• SOURCE MATERIAL:
○ ○ ○ ○ ○

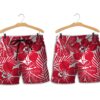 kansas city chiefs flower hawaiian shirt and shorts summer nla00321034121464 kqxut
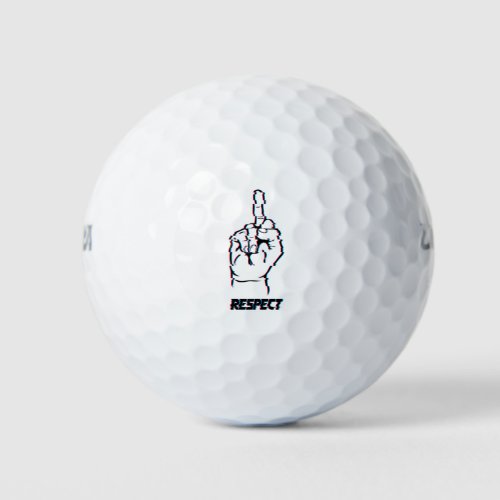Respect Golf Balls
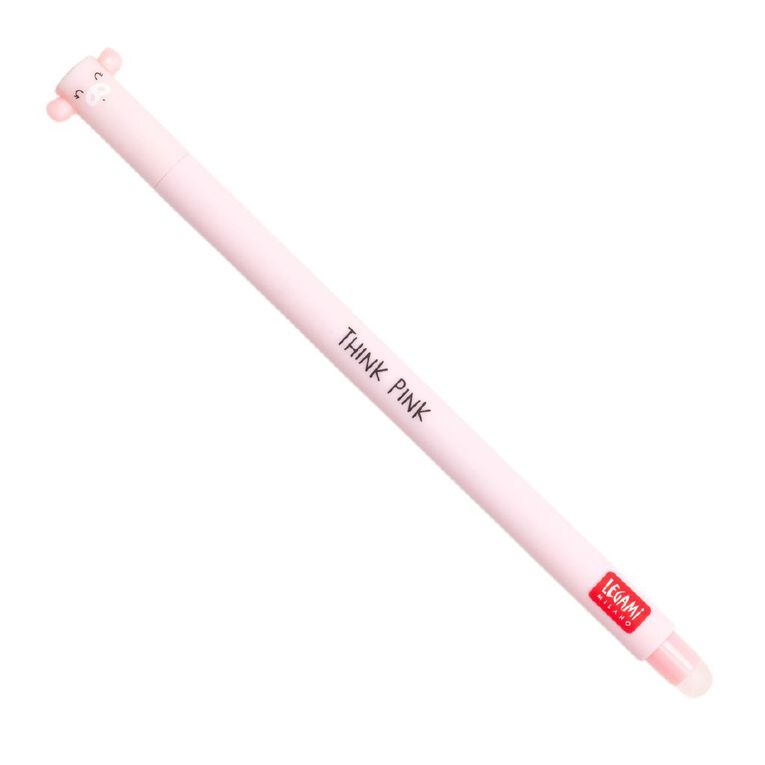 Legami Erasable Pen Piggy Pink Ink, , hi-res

○ ○ ○ ○ ○

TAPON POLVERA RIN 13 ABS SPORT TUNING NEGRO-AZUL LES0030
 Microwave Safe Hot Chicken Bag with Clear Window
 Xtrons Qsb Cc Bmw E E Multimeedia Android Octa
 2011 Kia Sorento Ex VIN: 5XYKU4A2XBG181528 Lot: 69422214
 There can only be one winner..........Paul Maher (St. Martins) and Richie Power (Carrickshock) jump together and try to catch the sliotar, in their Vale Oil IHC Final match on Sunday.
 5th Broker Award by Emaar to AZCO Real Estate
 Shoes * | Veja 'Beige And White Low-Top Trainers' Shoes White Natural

○ ○ ○ ○ ○

• REQUIRED WORK: The expected answer is an exact copy of the lines above, beginning at the line with "There can only" and ending at the line with "Shoes * | Veja", with both ends in.

• EXERCISE ANSWER:
 There can only be one winner..........Paul Maher (St. Martins) and Richie Power (Carrickshock) jump together and try to catch the sliotar, in their Vale Oil IHC Final match on Sunday.
 5th Broker Award by Emaar to AZCO Real Estate
 Shoes * | Veja 'Beige And White Low-Top Trainers' Shoes White Natural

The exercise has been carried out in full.